James's TCP/IP FAQ - Understanding Port Numbers

This is the second page of a 3 part FAQ on TCP/IP basics. Here is the list of parts (I recommend that they be read in order):

Introduction

In my introduction to IP networking, I described how IP addresses are used to route packets of information from one computer to another through a TCP/IP network. I talked about the importance of both source and destination addresses, how we find addresses for other machines, and how we get our own addresses assigned to our machines. I started off with an analogy to sending regular mail through the postal service.

Sticking with that analogy, how do we ensure that they right person reads the mail we send? That mail may need to go to a particular person or department. With mail, we don't just include the P.O.Box number or street address of our destination - instead, we include the name of the person or department that should open the mail.

Computers need something similar to make sure the correct software application on the destination computer gets the data packets we are sending, and some way to make sure replies get routed to the correct application on the computer at our end of the conversation. This is accomplished through the use of "port numbers".

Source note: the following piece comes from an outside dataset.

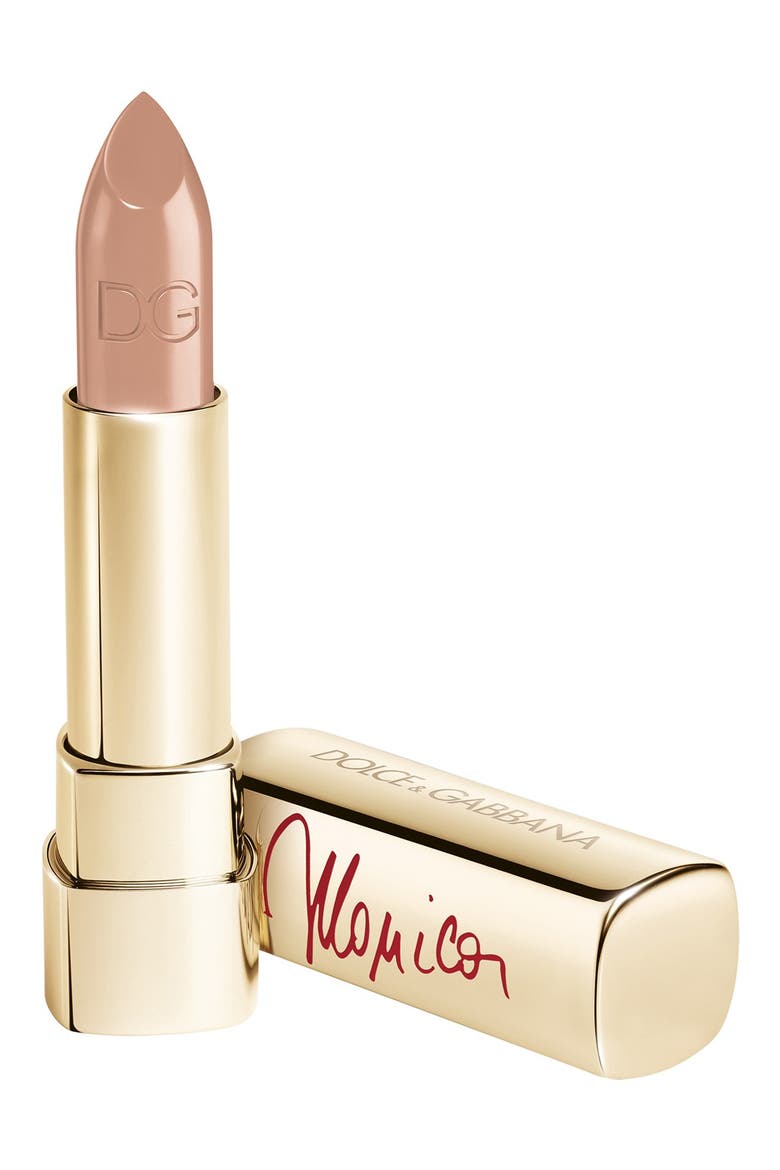 Voluptuous Lipstick, Main, color, NUDE MONICA 20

If you followed along with the discussion on IP routing with addresses, port numbers will be very easy to understand. We talked about how "IP" is a networking protocol and requires addresses. On top of that networking protocol, we make use of "transport" protocols to direct packets to specific software applications. The most common transport protocol on the Internet is Transport Control Protocol (or TCP). We also sometimes see something called the User Datagram Protocol (UDP) at the transport layer. Both are transport protocols, and both use port numbers (we'll talk about the differences between the two a little later on).

Basically, just as with the need for a source and destination IP address in every packet, we must also include a source and destination port number in every packet. There are two types of port numbers to consider - port numbers used by server software, and port numbers used by client sofware.

Server Ports

Let's define what a "server" really is. It's not a particular kind of computer. It doesn't have to run on Unix, or Windows NT, or any other specific operating system. A server is simply a computer that is running a software package that "listens" for incoming network connection requests. For example, a web server is a computer running web server software. Once that software is started on the computer, it sits idle until it receives a network request for its services. Then it kicks into gear.

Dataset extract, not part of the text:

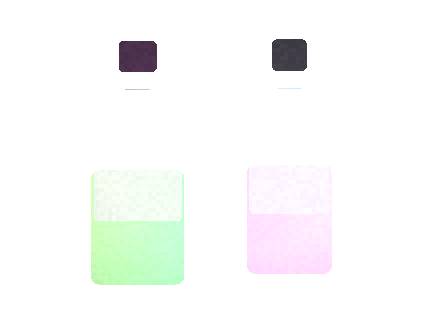 Esco Bars Esco GT Flavor Pairing Ideas Checklist 2026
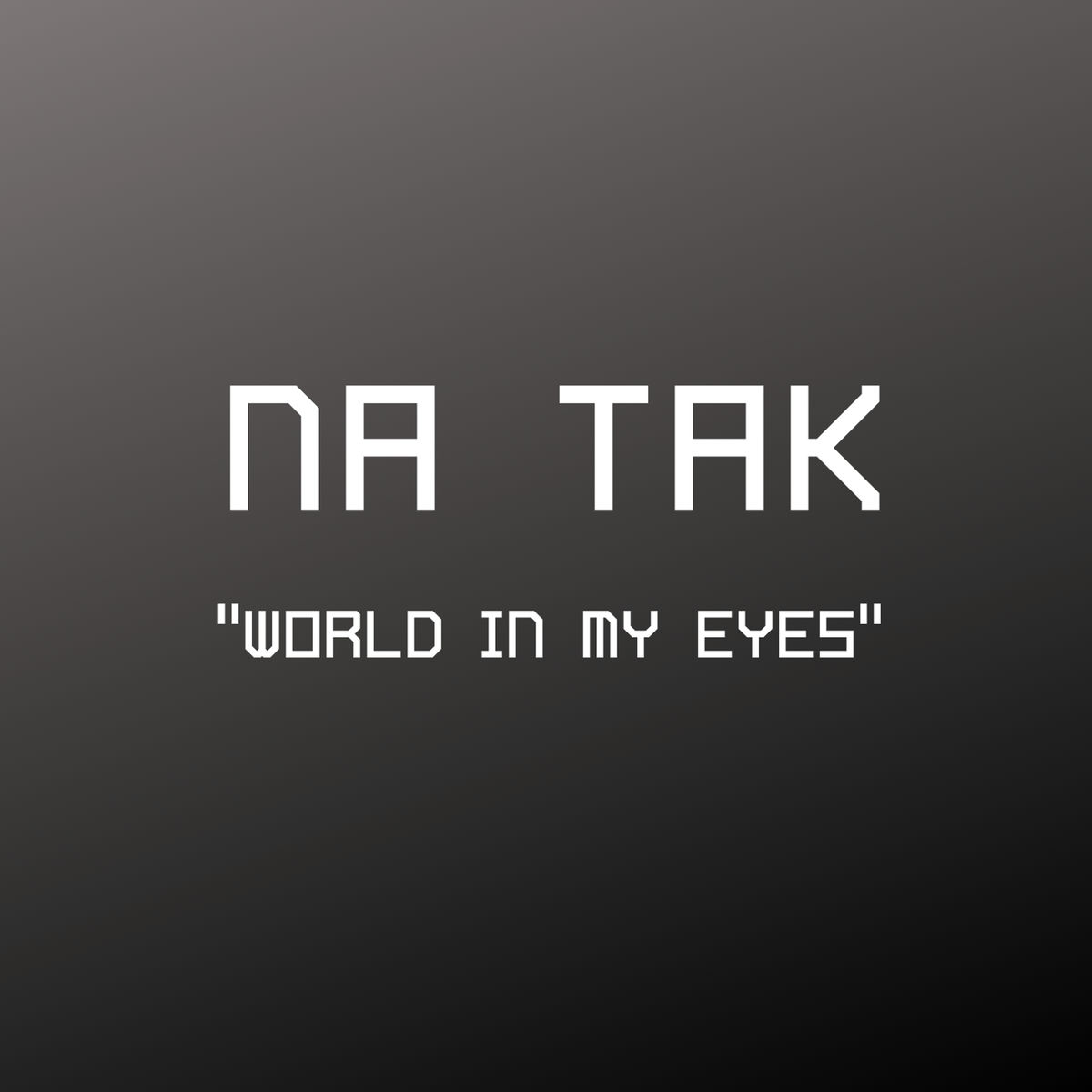 Artist picture of Na Tak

Now it's confusing enough trying to figure out the IP address for a server - we have to make use of DNS servers to help with that. Luckily, we don't have to try to remember or figure out the port numbers for most common kinds of servers. That's because there are a number of "commonly used port numbers" which have been agreed upon as a standard. For example, a web server typically listens at TCP port 80. You don't have to put that port number on the URL bar of your browser - your web browser assumes that it is sending information to port 80 on the target machine. It is possible to override that behavior and make a connection to a different port number, if for some reason the web server was listening on a different port - but the vast majority of the time it's port 80.

Other "normal" services all have their standard ports. FTP servers listen on port 21; machines that allow telnet connections listen on port 23. There are also standard port numbers for mail (both POP3 and SMTP are mail services), and many database servers have standard port numbers as well. The cool part is that your "client" software which you use to access those servers will already "know" which port numbers to use as the destination port.

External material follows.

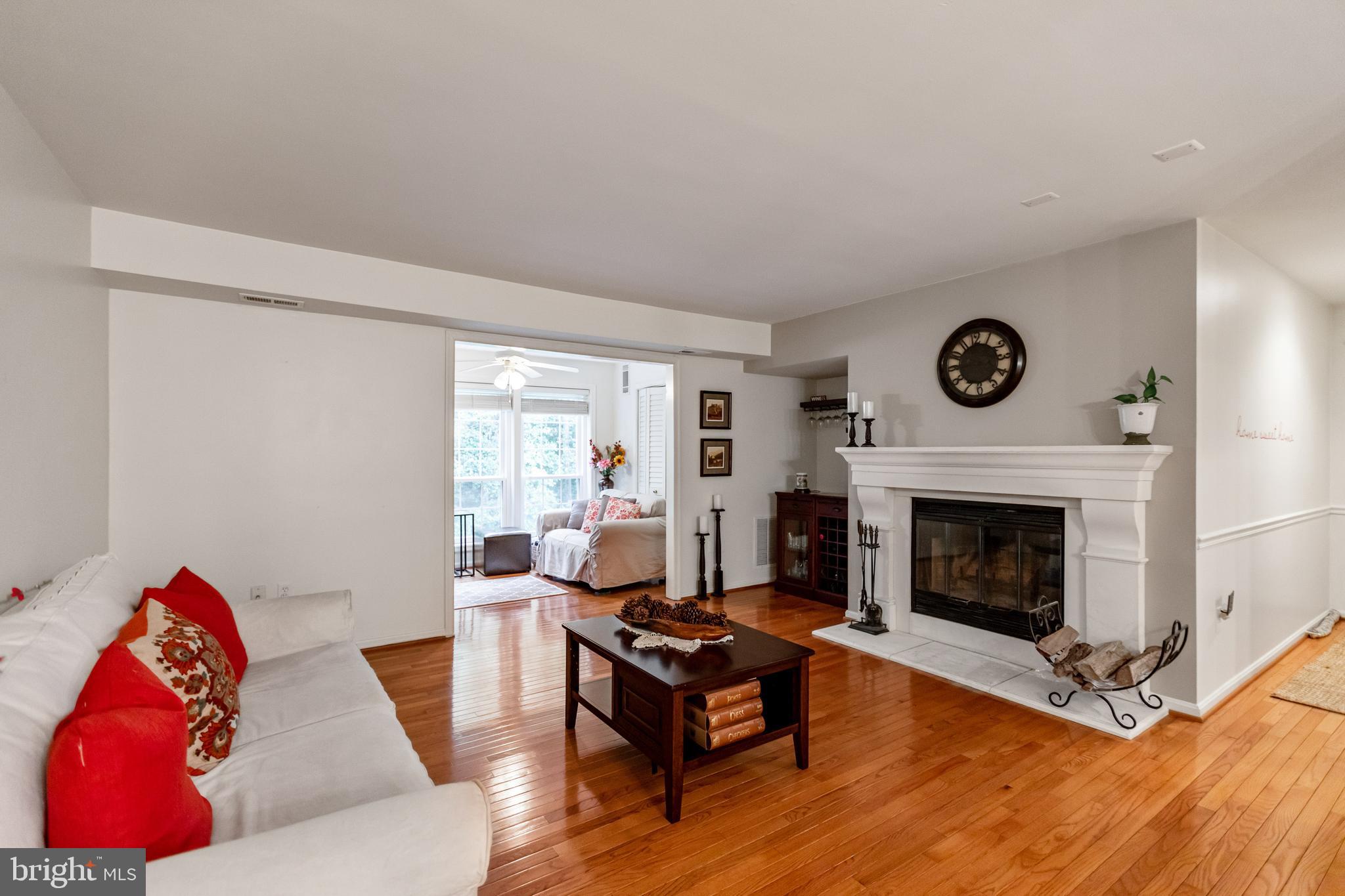 VININGS - Residential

Port numbers have to be in the range of 0-65535. However, standardized server ports are almost always in the range 0-1023. There are some exceptions, especially as more and more types of new servers are being developed.

Client Ports

Client software is not nearly so well-behaved when it comes to port numbers. Basically, any client can use any port number at or above 1024. As we shall see shortly, a single client application may use many different port numbers, even within a single session. When a client application needs to contact a server, it begins by negotiating with the TCP/IP networking stack on the local operating system for an unused port number. The client may start by requesting a port at a certain place in the stack, or it may just ask for a random assignment.

Frequently, a client will need lots of port numbers. Take the humble web browser, for example. You open the browser and point to a single web page. If you are looking at a web page that consists of a single HTML text file (like this one), your browser will use a single client-side port number to open the connection to the web server.

However, as soon as you click a link on the site to go to a different page, your browser will pick a new port number for that next session. And if you are pointing to a web page with frames, or with some number of embedded graphics, or java applets, or whatever - your browser will open a separate network session for each and every one of those pieces. Each HTML file and each graphic is a separate file being downloaded to your PC. Every one of those downloads gets a separate session; each session requires a separate client-side port number.

Important - Every "session" on a TCP/IP network has four pieces of information that define it as a unique conversation:

In order for two packets to be considered part of the same "session" all four of the above items have to match. If any one of those items is different, the two packets are part of different sessions. Once a client application "finishes" using a port number and a particular session is closed, the port number is reserved for a short period of time, and then is returned to the "pool" of available port numbers.

This scheme, while confusing, has some strong advantages. For example, imagine a web page with a single HTML text file and 5 graphics. Downloading that "page" requires 6 TCP/IP sessions, and thus uses 6 client-side port numbers. Assume for a moment that a temporary problem on the Internet causes one of the graphics to fail to come in cleanly. Since these are all separate sessions, the page can still be displayed in the browser using the pieces that arrived safely.

When A Client Is Really A Server...

In general, there is a clear line drawn between a client and a server. Server software sits and listens for connections; it does not initiate connections on its own. Server software has to be up and running all the time in order to be useful. Client software is used to access information on servers; it is used to initiate connections to servers. Client software only has to be running at the moment you want to use it.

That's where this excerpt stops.